Your assignment ▸ Each line from the start of the data below through the one containing "Brinquedo livro interativo com som" must be reproduced exactly.

Task material ▸
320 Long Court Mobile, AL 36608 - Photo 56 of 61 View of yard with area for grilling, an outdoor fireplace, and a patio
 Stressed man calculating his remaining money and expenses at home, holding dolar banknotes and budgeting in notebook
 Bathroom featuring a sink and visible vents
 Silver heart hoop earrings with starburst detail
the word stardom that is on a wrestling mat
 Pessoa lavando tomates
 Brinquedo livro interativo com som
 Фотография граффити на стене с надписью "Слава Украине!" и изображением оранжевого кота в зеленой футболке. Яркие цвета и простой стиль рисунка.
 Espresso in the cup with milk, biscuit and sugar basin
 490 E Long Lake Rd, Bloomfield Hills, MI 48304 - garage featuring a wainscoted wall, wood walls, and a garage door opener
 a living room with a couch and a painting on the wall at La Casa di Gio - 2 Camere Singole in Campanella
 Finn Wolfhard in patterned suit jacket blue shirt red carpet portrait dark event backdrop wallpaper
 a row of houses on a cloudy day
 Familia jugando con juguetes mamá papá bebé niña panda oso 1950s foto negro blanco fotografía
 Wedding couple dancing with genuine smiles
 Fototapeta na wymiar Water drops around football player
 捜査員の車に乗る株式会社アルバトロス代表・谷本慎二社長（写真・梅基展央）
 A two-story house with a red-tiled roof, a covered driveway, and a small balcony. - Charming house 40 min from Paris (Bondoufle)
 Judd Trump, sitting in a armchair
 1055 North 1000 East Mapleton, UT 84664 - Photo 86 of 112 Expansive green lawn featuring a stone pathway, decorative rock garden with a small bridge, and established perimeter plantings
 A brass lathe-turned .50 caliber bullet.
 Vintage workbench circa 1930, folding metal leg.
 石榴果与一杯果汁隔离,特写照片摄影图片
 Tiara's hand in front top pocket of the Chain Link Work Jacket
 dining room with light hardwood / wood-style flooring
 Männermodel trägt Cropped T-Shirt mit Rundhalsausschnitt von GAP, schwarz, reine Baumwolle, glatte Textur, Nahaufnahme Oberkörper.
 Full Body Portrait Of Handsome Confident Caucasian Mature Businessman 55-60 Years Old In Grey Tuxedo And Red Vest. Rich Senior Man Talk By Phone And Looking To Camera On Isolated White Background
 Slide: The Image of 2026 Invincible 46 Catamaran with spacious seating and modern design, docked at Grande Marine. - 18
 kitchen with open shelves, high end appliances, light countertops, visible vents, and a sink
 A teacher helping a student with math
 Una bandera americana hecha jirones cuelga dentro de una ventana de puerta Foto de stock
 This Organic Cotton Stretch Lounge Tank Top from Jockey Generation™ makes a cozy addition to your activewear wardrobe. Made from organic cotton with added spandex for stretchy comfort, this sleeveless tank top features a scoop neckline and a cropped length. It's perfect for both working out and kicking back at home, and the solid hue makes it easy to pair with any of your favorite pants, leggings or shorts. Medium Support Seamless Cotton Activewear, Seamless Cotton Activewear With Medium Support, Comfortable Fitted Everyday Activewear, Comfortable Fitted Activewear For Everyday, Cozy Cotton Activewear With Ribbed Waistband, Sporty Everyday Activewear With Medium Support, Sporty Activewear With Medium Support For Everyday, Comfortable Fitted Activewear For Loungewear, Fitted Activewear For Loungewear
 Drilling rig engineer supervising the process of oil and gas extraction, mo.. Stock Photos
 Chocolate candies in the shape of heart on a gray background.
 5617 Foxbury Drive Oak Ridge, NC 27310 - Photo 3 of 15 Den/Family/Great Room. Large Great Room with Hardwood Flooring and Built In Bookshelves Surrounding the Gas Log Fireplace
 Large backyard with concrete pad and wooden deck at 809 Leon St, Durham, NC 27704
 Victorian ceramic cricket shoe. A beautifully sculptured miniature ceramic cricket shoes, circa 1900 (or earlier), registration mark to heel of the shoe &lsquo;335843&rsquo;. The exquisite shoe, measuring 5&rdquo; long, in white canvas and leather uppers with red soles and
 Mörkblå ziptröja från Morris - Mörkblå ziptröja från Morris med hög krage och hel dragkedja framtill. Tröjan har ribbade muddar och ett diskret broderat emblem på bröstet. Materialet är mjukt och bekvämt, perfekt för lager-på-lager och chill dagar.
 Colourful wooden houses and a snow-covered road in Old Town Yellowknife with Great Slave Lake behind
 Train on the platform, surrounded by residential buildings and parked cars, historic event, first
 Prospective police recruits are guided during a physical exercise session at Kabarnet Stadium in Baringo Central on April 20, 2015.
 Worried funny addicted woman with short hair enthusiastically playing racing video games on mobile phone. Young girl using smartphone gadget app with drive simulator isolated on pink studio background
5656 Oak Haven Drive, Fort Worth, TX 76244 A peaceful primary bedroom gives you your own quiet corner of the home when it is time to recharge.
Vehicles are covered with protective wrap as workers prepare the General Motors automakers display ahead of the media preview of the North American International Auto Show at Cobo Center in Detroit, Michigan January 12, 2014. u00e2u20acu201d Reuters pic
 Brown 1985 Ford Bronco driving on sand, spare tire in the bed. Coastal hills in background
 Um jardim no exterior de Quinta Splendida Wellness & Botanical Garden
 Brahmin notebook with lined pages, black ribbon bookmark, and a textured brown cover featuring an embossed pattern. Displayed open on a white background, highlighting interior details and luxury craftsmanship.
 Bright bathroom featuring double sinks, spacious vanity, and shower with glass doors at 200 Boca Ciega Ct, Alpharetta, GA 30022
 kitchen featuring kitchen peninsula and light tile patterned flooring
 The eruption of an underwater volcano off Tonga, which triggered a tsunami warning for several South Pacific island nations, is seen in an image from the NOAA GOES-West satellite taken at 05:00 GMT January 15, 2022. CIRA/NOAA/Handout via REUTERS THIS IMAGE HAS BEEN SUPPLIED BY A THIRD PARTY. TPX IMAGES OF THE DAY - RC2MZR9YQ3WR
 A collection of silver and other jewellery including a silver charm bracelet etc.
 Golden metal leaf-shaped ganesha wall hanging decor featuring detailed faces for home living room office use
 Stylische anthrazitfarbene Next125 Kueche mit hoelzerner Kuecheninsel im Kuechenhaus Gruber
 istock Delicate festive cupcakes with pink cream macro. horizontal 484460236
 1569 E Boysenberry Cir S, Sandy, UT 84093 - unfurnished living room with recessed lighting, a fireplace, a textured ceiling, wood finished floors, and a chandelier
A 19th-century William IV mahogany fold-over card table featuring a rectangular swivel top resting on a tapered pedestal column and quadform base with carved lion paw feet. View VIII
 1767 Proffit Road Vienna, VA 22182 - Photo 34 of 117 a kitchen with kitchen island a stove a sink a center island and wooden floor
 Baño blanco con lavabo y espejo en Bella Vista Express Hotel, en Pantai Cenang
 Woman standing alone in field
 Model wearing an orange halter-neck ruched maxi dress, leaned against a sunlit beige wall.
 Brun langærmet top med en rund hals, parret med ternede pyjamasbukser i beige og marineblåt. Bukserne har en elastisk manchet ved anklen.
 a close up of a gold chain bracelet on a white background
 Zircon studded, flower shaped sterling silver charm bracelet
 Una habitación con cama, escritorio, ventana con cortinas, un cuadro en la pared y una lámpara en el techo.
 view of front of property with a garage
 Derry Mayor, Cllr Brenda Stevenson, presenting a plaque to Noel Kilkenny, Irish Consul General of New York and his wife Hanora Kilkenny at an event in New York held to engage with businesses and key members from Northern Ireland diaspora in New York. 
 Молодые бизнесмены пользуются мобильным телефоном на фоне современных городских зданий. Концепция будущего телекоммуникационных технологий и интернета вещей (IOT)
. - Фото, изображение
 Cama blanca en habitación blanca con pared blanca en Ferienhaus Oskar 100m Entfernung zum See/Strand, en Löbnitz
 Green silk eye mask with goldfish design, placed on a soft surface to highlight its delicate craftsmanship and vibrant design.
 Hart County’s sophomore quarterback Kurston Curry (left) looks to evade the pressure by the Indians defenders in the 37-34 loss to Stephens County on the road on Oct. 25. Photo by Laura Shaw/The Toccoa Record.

Answer to this task ▸
320 Long Court Mobile, AL 36608 - Photo 56 of 61 View of yard with area for grilling, an outdoor fireplace, and a patio
 Stressed man calculating his remaining money and expenses at home, holding dolar banknotes and budgeting in notebook
 Bathroom featuring a sink and visible vents
 Silver heart hoop earrings with starburst detail
the word stardom that is on a wrestling mat
 Pessoa lavando tomates
 Brinquedo livro interativo com som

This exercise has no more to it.